The farmers said it was demoralising that they were getting only Sh45 a kilo.

“We had suffered a lot and they were aware that our coffee would not fetch that much but because they wanted to play politics they promised us what they knew was impossible, which was unfair,” said Jackson Mugambi, a farmer in Kariene, Imenti Central.

But farmers affiliated to the Mikumbune coffee society in Imenti South were paid Sh81 a kilo, the highest in the county. The ministry made empty promises knowing well that coffee prices are determined by many factors, said society secretary Josphat Kwiriga.

“The problem is that they played politics, with farmers being given promises that could not be fulfilled because what determines prices is quality and the prevailing market conditions,” he said.

“It was also difficult to access fertiliser that was promised because of bureaucracy at the KPCU [Kenya Planters Cooperative Union], so production was affected.
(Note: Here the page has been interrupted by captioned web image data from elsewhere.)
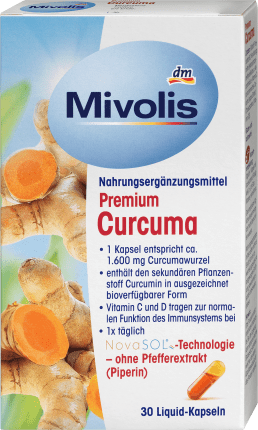 Mivolis Premium curcuma capsules, 30 hours, 19 g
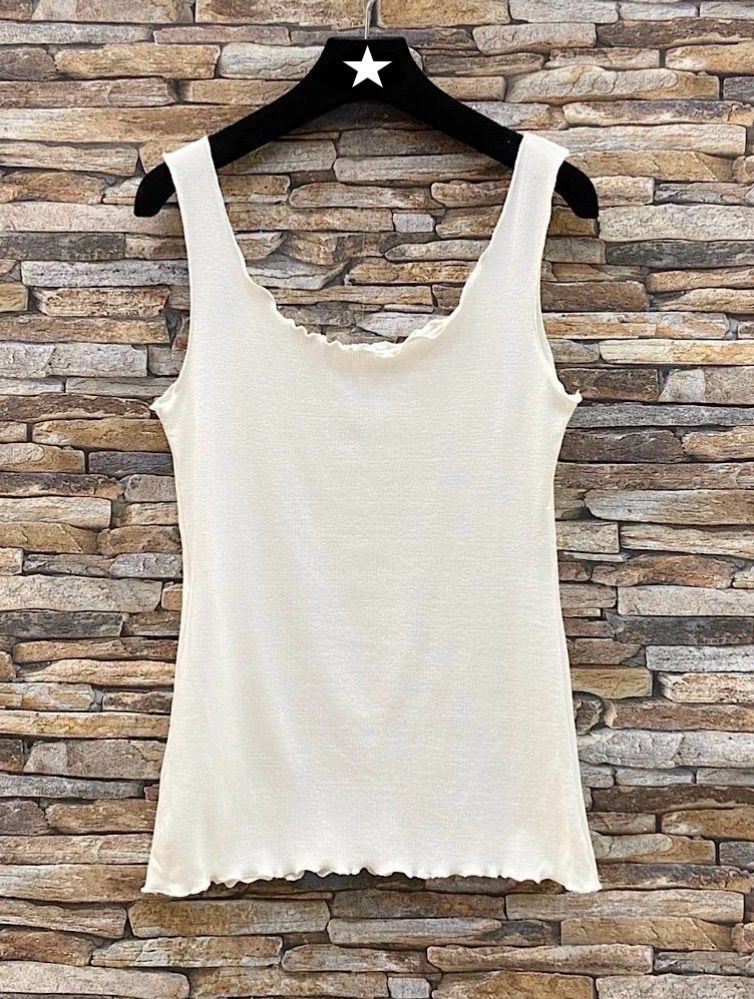 Effen Basic Rib Tanktop - Kwalitatieve Top Met Subtiele Ruffle Voor Dames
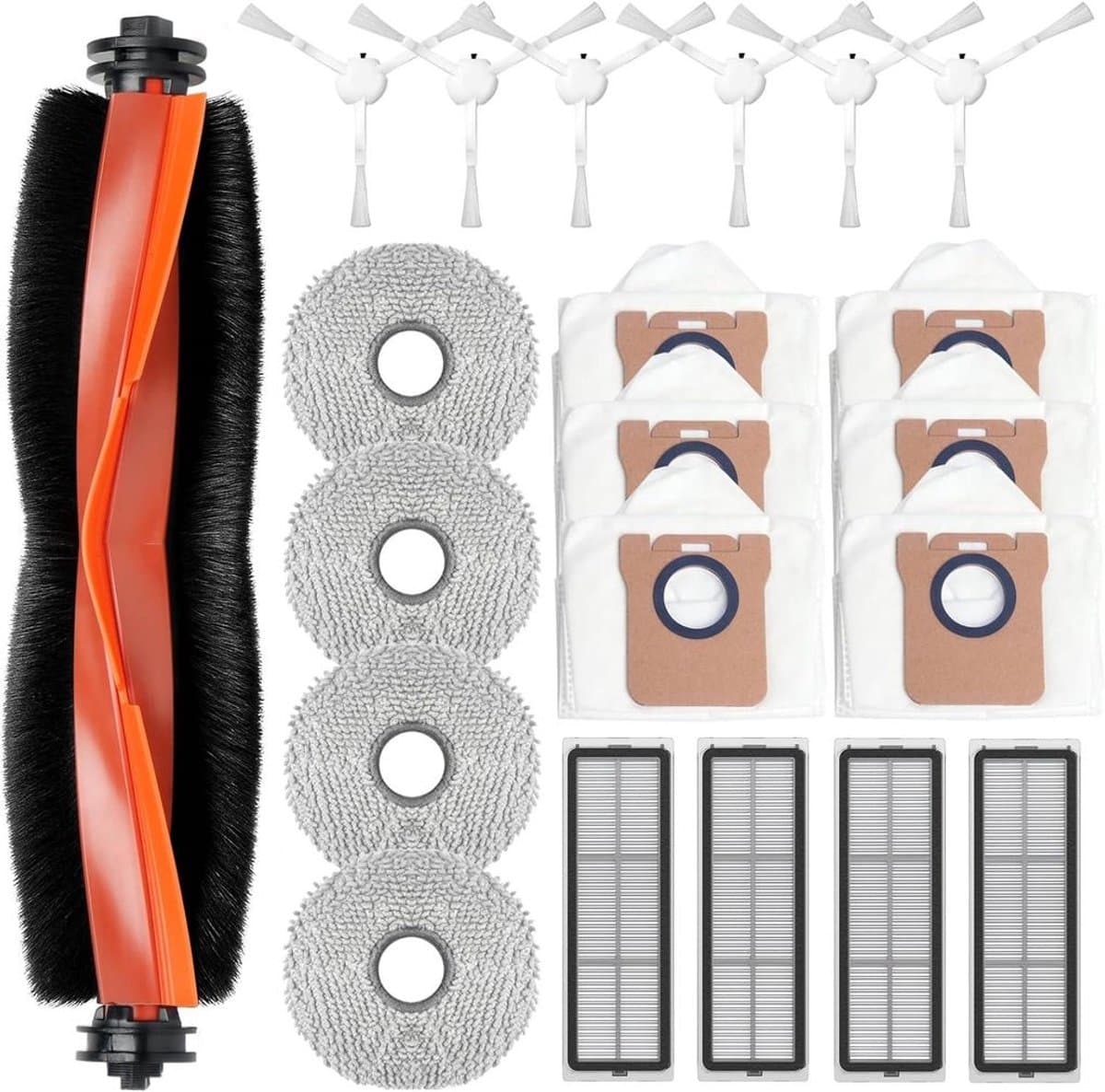 Deze 21-delige accessoire set Geschikt voor de stofzuiger is compatibel met Xiaomi X20+/X10+ en bevat: 1 hoofdborstel, 6 stofzakken, 4 dweilen, 6 zijborstels en 4 filters. — afbeelding 1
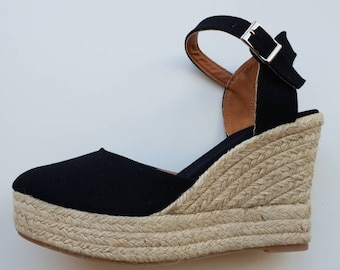 Espadrille platform wedges - black cotton - yute shoes, ecologic, organic, sustainable sandals - made in spain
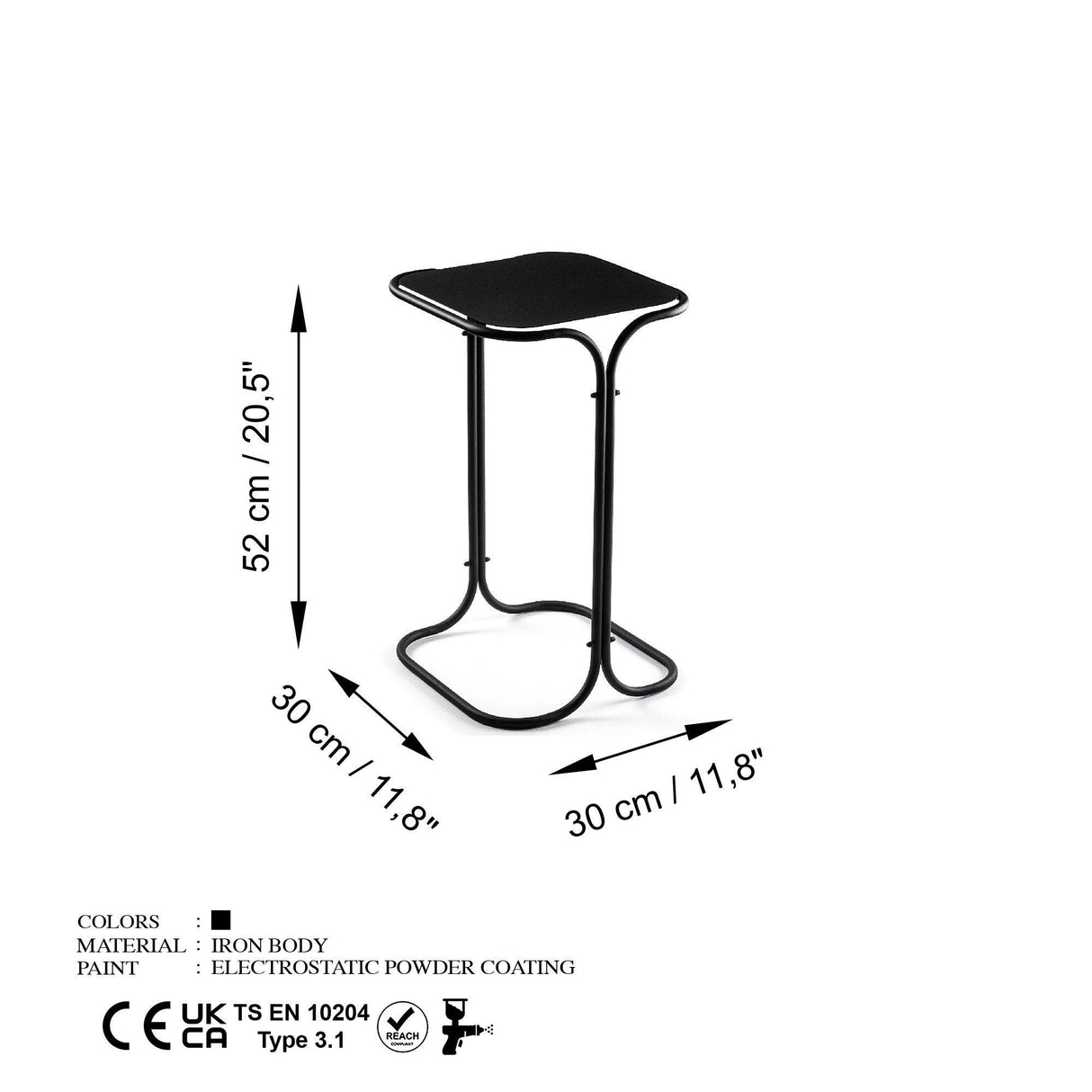 Masuta de cafea Coffee Table Elegance 1, Negru, 30x52x30 cm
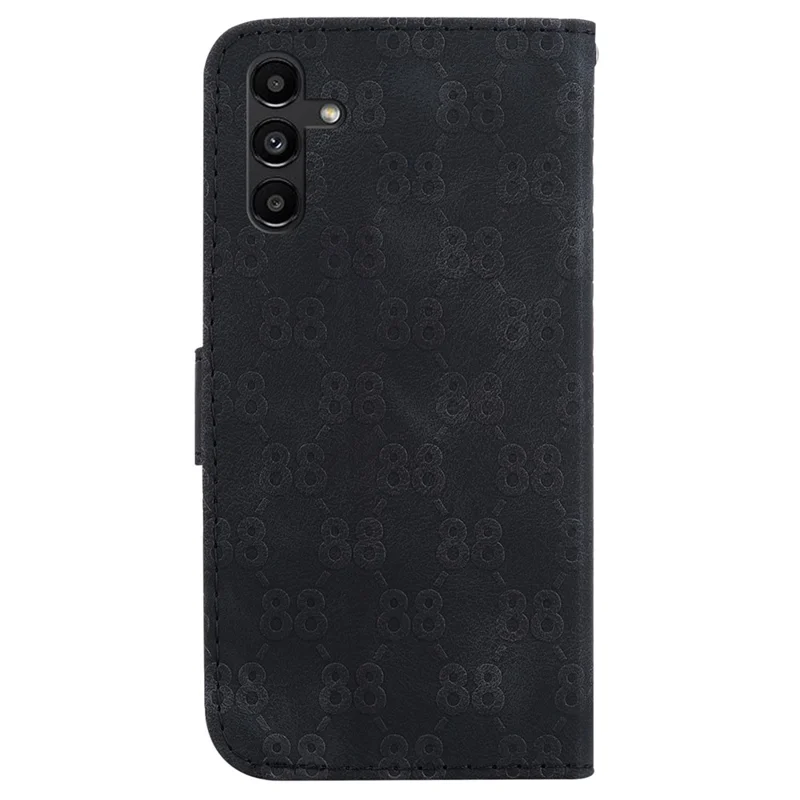 For Samsung Galaxy A13 5G Wallet Stand Phone Leather Case Double 8-Shape Imprint Cover - Black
I ordered fertiliser worth Sh11 million for my farmers that has never been delivered and I had to seek alternatives.”

Meru Coffee Millers Union (MCMU) chairman Zablon Mbaabu said the biggest hurdle to better earnings was the refusal by the ministry for unions to market their produce directly to buyers.

“For our case, we had secured an agreement with a firm called Good Beans from South Korea that would have seen the farmer get at least Sh100 a kilo but the ministry opposed the deal,” Mr Mbaabu, who is also a committee member at the National Coffee Cooperative Union (Naccu), told the Nation in a phone interview.

“We are expected to source for best markets and when we were blocked, we wondered who the ministry was working for if not for the benefit of the famous cartels in the coffee sector and these are some of the reasons farmers are lamenting today,” he added.

Farmers now blame politicians in former President Uhuru Kenyatta’s government and called for a reversal of some of the regulations that were published during Mr Munya’s reign at the ministry.

Naccu has already petitioned President William Ruto, seeking a reversal of the rules introduced by Mr Munya.

They protested that the Crops (Coffee) (General) (Amendments) Regulations 2022 had worked against the reforms envisaged in the coffee sector and called on the President to revoke them.

For instance, the Capital Markets Authority (CMA), which was mandated to license coffee marketers, was stripped of the role, which was handed to the Agriculture and Food Authority (AFA).